Bats not only drink human blood, they're doing it more often, according to National Geographic News. As ranching operations in South and Central America grow, the vampire bat's ideal blood source, passive domestic livestock, becomes more plentiful. And with more livestock come more vampire bats. That's why you'll find large colonies close to ranches.

Fortunately for ranchers and people who live nearby, passive livestock make a more appealing target than angry humans not in the mood for a bite. Consequently, the incidence of human rabies isn't high on ranches, despite the large bat populations -- there are just too many cows around for bats to look elsewhere.
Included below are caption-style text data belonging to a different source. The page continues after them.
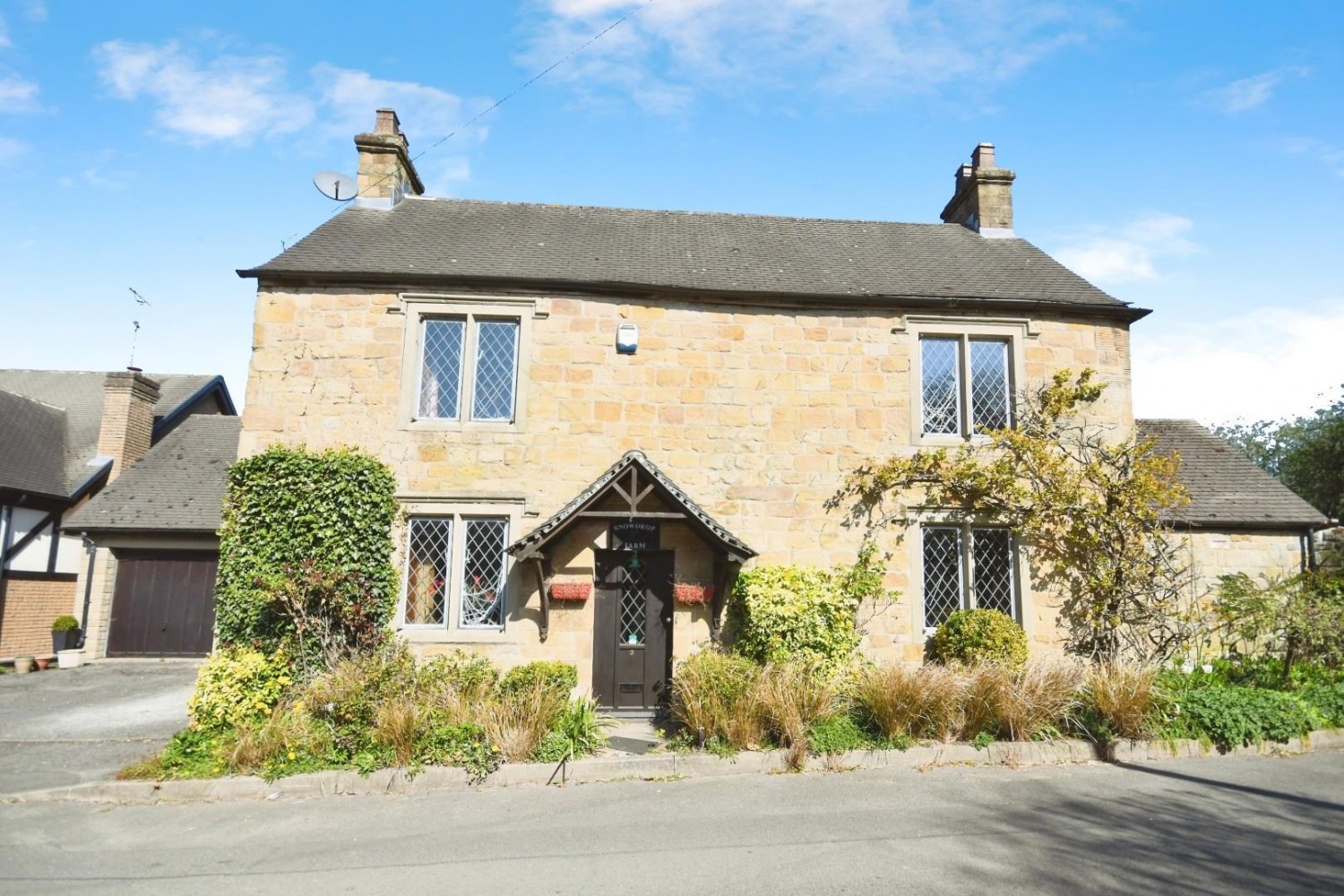 Back Lane, Glapwell, Chesterfield, S44 5PX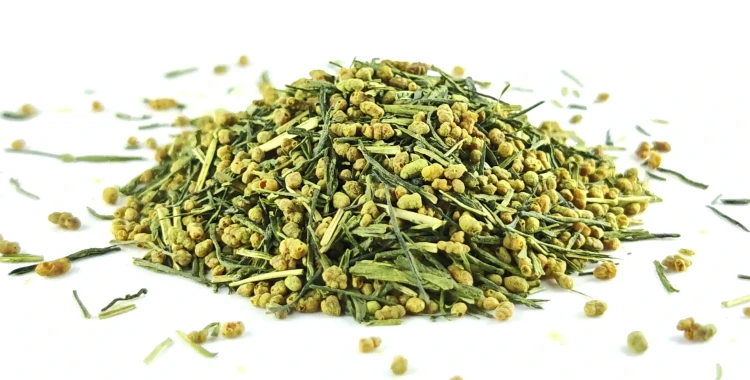 Herbata zielona Genmaicha Japan Maruyama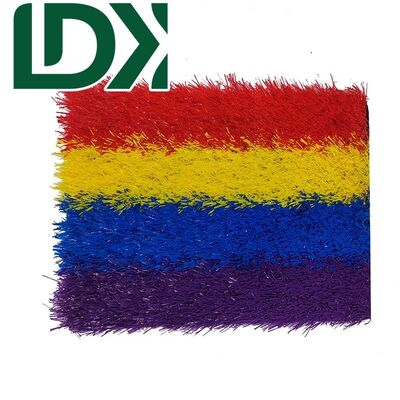 Synthetic Artificial Grass Wall Decor Grass Turf For Backyard Tiles For Decoration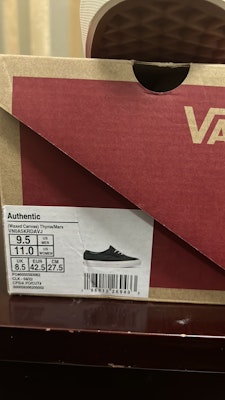 Vans Authentic "绿色" VN0A5KRDAVJ Lookbook Vans Authentic "绿色" VN0A5KRDAVJ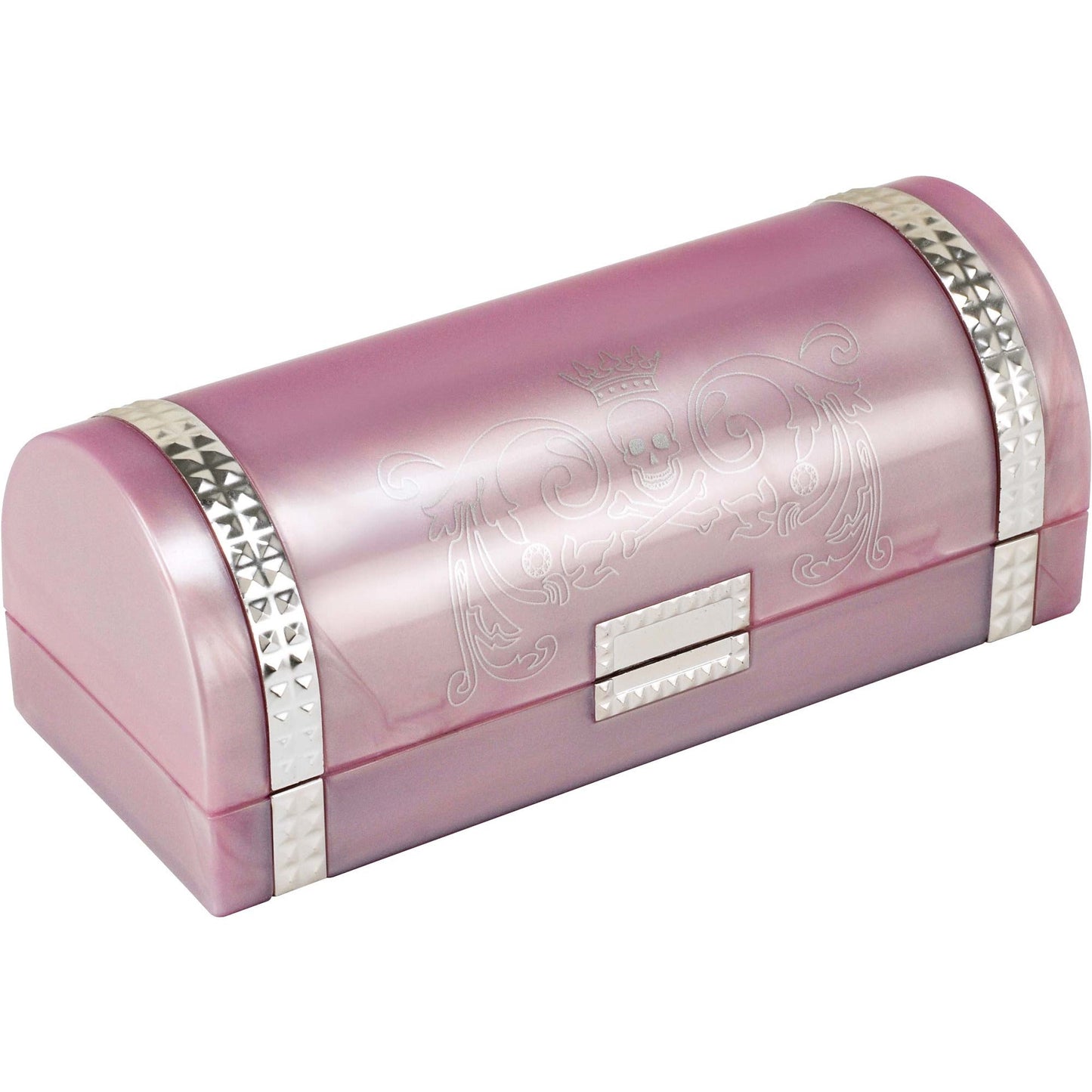 Pirates Janine's Hidden Pleasure Vibe Pink-Silver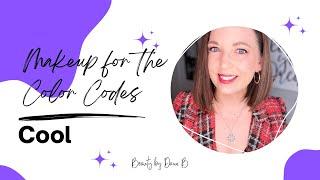 Makeup for COOL Color Code | Beauty by Dawn B | Mary Kay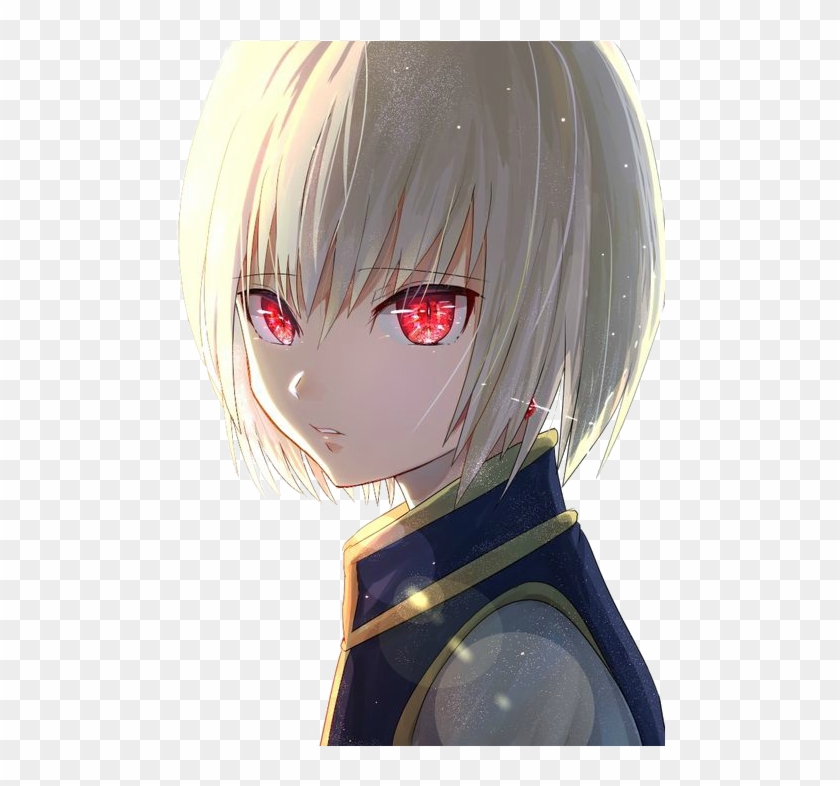 Kurapika Render By Kikat99 - Render Hunter X Hunter Kurapika Clipart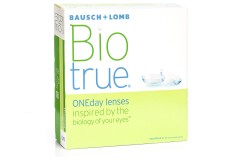 Biotrue ONEday (90 lenses)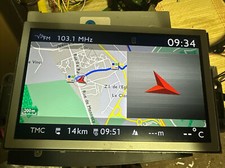 CITROEN C5 III X7 ECRAN NAVIGATION GPS NG4 /rt6 DVD 9666280680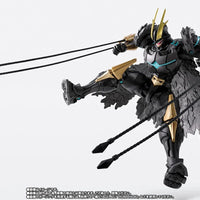 Bandai My Hero Academia: S.H.Figuarts Armored All Might (P-Bandai) - Kidultverse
But in the Amazon, local residents aren't so lucky. There's little livestock in the area, and development has depleted many of the bat's natural food sources. Faced with prospect of finding fresh blood every two to three days or death, vampire bats will bite people, sometimes spreading their deadly viral disease of rabies.

My research into vampire bats fortuitously coincided with a look at the origins of Frankenstein and the Vampyre on the history podcast with Katie, focusing on Lord Byron's famous challenge to his literary assembly, "We will each write a ghost story." If I'm ever a participant in such a challenge, I've got dibs on Amazonian vampires.